Another complicating feature in the Taiwan factor is that Taiwan (whose official name is the Republic of China, or ROC) is not a party to the LOS Convention. This was the result of the ROC’s expulsion 43 from the United Nations in 1972 under General Assembly Resolution 2758, when the PRC took over its seat in the UN. Hence it was precluded from all United Nations activities, including negotiations leading toward the conclusion of the LOS Convention. The punch line is: Is Taiwan bound by the LOS Convention? This is not just a tantalizing academic question. Its practical implication is: What law, if not the LOS Convention, should govern maritime boundaries between Taiwan and Japan, such as Diaoyutai Senkaku.
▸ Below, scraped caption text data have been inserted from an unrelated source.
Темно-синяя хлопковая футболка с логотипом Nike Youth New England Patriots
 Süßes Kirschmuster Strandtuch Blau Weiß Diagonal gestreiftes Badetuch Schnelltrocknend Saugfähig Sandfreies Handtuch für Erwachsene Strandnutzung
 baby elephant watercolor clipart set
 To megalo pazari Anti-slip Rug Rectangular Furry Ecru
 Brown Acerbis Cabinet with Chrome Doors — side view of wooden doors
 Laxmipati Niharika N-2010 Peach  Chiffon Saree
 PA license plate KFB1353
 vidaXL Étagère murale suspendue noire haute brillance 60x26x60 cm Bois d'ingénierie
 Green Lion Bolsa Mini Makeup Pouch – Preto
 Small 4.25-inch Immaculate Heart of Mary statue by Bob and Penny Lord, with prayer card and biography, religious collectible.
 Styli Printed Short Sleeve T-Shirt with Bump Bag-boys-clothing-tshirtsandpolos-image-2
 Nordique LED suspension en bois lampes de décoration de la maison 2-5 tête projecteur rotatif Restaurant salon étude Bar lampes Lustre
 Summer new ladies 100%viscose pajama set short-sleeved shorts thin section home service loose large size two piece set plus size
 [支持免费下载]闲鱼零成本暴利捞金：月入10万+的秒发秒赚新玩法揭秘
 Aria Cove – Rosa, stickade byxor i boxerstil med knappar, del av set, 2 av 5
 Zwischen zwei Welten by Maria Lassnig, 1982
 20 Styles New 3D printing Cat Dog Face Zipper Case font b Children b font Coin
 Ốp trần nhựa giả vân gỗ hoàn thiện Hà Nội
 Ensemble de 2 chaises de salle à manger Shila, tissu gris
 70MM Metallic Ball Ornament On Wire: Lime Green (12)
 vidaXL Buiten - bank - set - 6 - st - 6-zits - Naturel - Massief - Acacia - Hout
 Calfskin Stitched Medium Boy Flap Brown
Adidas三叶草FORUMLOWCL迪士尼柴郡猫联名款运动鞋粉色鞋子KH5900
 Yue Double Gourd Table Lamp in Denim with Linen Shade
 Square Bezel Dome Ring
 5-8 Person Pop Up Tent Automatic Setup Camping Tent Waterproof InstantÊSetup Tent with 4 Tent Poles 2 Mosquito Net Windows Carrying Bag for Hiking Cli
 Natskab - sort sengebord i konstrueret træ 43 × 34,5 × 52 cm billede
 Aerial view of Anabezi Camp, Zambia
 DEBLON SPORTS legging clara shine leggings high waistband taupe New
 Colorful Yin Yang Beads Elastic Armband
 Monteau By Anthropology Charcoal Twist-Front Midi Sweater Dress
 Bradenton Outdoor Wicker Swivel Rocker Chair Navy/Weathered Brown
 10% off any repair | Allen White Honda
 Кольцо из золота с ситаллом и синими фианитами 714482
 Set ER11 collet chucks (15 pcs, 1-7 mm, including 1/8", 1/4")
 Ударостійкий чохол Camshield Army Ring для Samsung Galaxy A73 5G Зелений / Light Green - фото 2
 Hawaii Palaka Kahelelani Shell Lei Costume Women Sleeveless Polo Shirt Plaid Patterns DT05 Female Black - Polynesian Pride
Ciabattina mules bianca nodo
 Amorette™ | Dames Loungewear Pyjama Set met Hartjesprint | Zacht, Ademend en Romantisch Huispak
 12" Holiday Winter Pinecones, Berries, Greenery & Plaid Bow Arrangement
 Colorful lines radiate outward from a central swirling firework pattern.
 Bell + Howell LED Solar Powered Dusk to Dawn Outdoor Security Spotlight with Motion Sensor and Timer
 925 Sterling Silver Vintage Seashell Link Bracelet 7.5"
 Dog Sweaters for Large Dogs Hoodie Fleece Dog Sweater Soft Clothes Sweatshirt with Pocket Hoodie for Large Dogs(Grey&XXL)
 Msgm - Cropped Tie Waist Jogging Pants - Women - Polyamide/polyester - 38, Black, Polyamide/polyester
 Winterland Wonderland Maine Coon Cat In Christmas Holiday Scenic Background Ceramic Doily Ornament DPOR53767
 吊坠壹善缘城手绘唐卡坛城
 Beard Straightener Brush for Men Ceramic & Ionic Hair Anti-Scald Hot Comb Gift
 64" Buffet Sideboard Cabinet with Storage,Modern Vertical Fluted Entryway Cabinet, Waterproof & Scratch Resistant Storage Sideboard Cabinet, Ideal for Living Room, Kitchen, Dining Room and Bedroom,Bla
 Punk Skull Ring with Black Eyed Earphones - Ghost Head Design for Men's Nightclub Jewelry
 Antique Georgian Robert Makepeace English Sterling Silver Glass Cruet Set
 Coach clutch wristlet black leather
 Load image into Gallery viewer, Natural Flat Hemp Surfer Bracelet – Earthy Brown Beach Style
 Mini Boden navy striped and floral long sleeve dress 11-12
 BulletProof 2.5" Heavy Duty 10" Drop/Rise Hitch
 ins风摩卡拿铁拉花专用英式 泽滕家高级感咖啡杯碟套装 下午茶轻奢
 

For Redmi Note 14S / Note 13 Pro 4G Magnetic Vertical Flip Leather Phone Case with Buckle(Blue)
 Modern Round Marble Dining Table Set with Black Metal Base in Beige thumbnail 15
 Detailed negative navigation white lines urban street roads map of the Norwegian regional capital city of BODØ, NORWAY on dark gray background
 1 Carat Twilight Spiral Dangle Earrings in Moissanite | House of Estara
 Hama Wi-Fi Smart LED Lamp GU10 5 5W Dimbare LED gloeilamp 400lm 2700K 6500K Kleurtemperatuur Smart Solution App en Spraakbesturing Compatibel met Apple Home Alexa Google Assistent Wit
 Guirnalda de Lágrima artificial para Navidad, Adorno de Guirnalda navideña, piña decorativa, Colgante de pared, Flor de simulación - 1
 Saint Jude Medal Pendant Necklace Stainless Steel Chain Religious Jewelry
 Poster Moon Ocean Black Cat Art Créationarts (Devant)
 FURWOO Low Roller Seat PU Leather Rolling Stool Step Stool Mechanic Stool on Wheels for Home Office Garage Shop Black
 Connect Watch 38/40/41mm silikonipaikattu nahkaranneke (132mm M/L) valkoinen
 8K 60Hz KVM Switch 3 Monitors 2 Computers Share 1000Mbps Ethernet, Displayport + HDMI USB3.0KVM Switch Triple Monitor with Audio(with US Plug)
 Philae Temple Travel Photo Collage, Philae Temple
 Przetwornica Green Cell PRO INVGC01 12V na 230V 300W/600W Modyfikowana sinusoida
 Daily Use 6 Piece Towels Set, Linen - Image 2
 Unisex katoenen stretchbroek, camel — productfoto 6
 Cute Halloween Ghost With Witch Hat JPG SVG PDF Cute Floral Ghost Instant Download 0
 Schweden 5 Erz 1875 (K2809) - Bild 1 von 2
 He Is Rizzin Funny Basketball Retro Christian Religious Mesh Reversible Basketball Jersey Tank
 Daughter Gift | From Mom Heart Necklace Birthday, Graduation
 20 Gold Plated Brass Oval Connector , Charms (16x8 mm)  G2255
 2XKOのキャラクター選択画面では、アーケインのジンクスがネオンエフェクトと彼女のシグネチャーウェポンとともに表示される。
Although Taiwan (under the name of the ROC) is a party to the 1958 Convention on the Continental Shelf, that Convention is not as comprehensive as the 1982 LOS Convention. For instance, it has nothing to say on issues like territorial sea and EEZ. By the same token, what law should govern the maritime boundaries between Taiwan and mainland China (other than ad hoc bilateral agreements or understandings as a ‘‘domestic’’ matter)? Furthermore, because Beijing considers Taiwan a renegade province of China, is international law relevant in the event of maritime territorial bickering between them? In any event, the mainland–Taiwan rivalry further complicates the PRC–Japan boundary disputes in the East China Sea, only making solutions more difficult.

Prospects for a Resolution of the Dispute? As seen earlier, the stakes are high, the issues in contention are very much entangled, and the positions of the parties are widely apart and hopelessly entrenched. Under the circumstances, what are the chances of a peaceful resolution of the dispute? As member states of the United Nations, China and Japan are required to settle all their disputes by peaceful means under Article 2(3) of the UN Charter. Likewise, Article 279 of the LOS Convention requires that all states party to the convention settle their disputes concerning the interpretation or application of the convention by peaceful means. The same article makes a reference to the means of peaceful settlement suggested in Article 33(1) of the UN Charter, which include negotiation, inquiry, mediation, conciliation, arbitration, judicial settlement, and so on. Furthermore, under Article 280, the parties may settle their disputes by ‘‘any peaceful means’’ they choose. The modern history of the peaceful settlement of disputes since the Hague Conferences of 1898 and 1907 seems to suggest that direct negotiation is the most preferred mode chosen by states seeking a peaceful settlement of their disputes. The usual reason is that states feel they have more control of the situation when engaged in direct negotiation.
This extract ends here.